Walking through an illness for yourself is not the same as watching your child suffer.  And she frankly has it a hundred times worse than I did.  Yes, we've thought about hormones. Of course we've examined diet:  Dairy, gluten, chocolate, caffeine, sulfites, cheeses, and every other imaginable food trigger has been investigated.  She has no allergies.  Yes, of COURSE we've had her eyes checked and no, she doesn't have TMJ.  The list of medications we've tried (herbals and supplements included) would astound you.  I will tell you that in the last eighteen months not once has any human outside of her neurologists' office opened their mouth to offer a single suggestion that we haven't already considered.  The only treatment I found on my own was an electronic trigeminal nerve stimulator recently approved for use in adults.  I asked her docs about it.  It hasn't been studied in kids.  I'm willing to sign her up.

All theses suggestions are kindly meant, as are the many stories about people (and it seems everyone knows at least one) whose headaches NEVER come under control (not sure how that's meant to be comforting except perhaps in the 'you aren't the only one' sense).  And I'm ashamed of myself for being so frustrated by the sincere kindness of people who care about me and Babygirl.  But her pain has me so exhausted and so discouraged that  I just don't have the courage to think about it any more.

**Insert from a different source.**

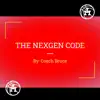 Coach Bruce - The Nexgen Code - EP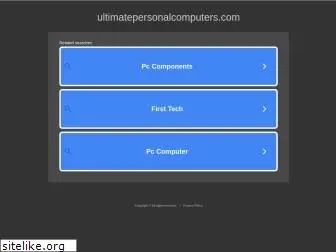 ultimatepersonalcomputers.com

But here is where I know the value of my friends:  Wednesday, when we get information from Babygirl's new tutor about what hours she wants to teach her, and we need an adult in the house to supervise, I won't have to make more than two phone calls to find someone who will either give Curlygirl a ride over so she can do it, or come over themselves.  I'm 100% certain that that is a gap people will stand in, just as they have stood in every other oddly shaped gap we've had in the past three and a half years.  I can't explain how huge the peace is that comes with that knowledge.


PS Funny story:  For a while the tutors were satisfied that my Mom was on the other side of the house.  Then one of them must have met her.  We got a request for an adult who "isn't so hard of hearing."  I said, "She isn't hard of hearing exactly, she's more.... hard of thinking."  The tutor responded, "Yes, well, I was trying to be polite..."


  1. One of my pet peeves is the "me too" stories when relating medical information to friends....the endless tales of the mother of a friend of an Aunt...blah blah blah. Having worked for a paediatric oncologist I saw grave illness which made other things seem so small to me...so when people go on about their knee replacement surgery and how tough it is going to be, I don't want to hear it.

    I think people need to ask better questions. Instead of "Does Baby girl still have bad headaches?" ask "what does she like to do when she doesn;t have a headache". Better questions direct the conversation away from the endless "me too" stories and help to distract both parent and child from the misery of the headaches.

  2. What an excellent suggestion!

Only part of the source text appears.